What We’re Listening For on Jump Up Calypso

  • Energy for starters. What could be more important than the life of the music?
  • Then: presence and immediacy. The vocals aren’t “back there” somewhere, lost in the mix. They’re front and center where any recording engineer worth his salt would put them.
  • The Big Sound comes next — wall to wall, lots of depth, huge space, three-dimensionality, all that sort of thing.
  • Then transient information — fast, clear, sharp attacks, not the smear and thickness so common to these LPs.
  • Tight punchy bass — which ties in with good transient information, also the issue of frequency extension further down.
  • Next: transparency — the quality that allows you to hear deep into the soundfield, showing you the space and air around all the instruments.
  • Extend the top and bottom and voila, you have The Real Thing — an honest to goodness Hot Stamper.

Vinyl Condition

Mint Minus Minus is about as quiet as any vintage pressing will play, and since only the right vintage pressings have any hope of sounding good on this album, that will most often be the playing condition of the copies we sell. (The copies that are even a bit noisier get listed on the site are seriously reduced prices or traded back in to the local record stores we shop at.)

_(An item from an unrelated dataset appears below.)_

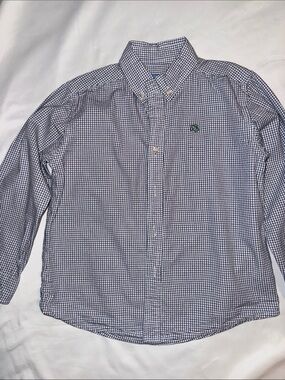 Bailey Boy's Navy and White Check Button-Down Shirt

Those of you looking for quiet vinyl will have to settle for the sound of other pressings and Heavy Vinyl reissues, purchased elsewhere of course as we have no interest in selling records that don’t have the vintage analog magic of these wonderful originals.

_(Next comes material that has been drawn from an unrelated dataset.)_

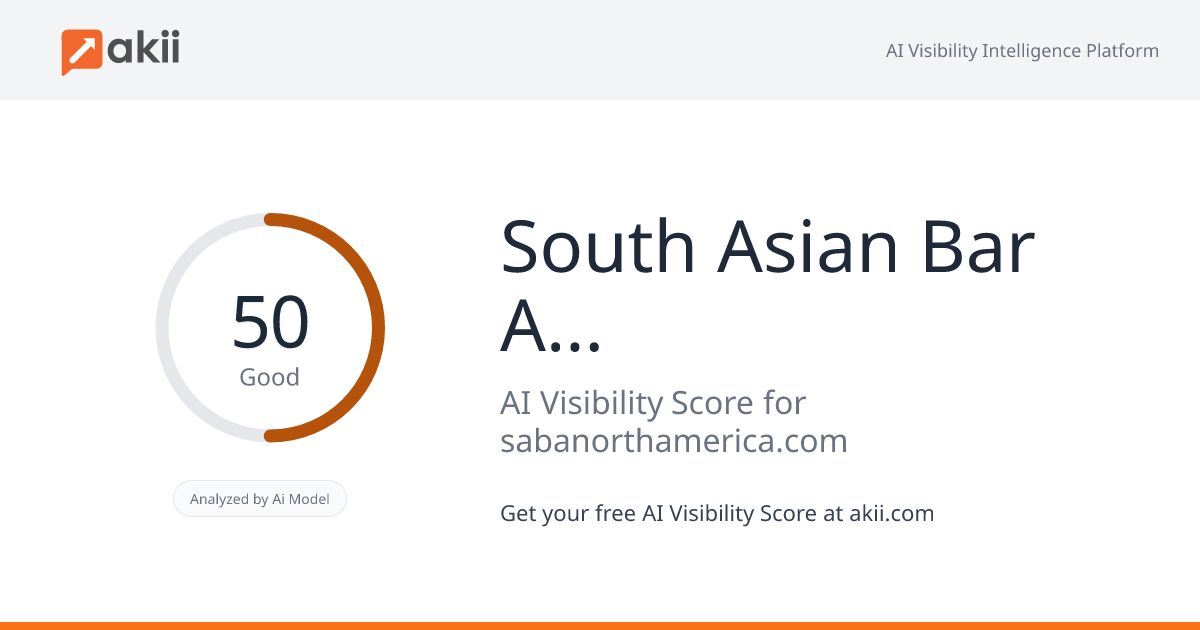 South Asian Bar Association (SABA) of North America AI Visibility Score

If you want to make the trade-off between bad sound and quiet surfaces with whatever Heavy Vinyl pressing might be available, well, that’s certainly your prerogative, but we can’t imagine losing what’s good about this music — the size, the energy, the presence, the clarity, the weight — just to hear it with less background noise.

TRACK LISTING

Side One

Sweetheart from Venezuela 
Go Down Emanuel Road 
The Baby Boy 
Gloria 
Land of the Sea and Sun 
Goin’ Down Jordan

Side Two

Jump in the Line 
Kingston Market 
Monkey 
These Are the Times 
Bally Mena 
Angelina

AMG 4 1/2 Star Review

Belafonte was an established all-around entertainer and actor by the time of this album, so it could be seen in a sense as a return to “roots” styles. In any case, it’s all-out calypso, with backing by the Trinidad Steel Band, and qualifies as one of his most energetic albums, even getting rambunctious at times.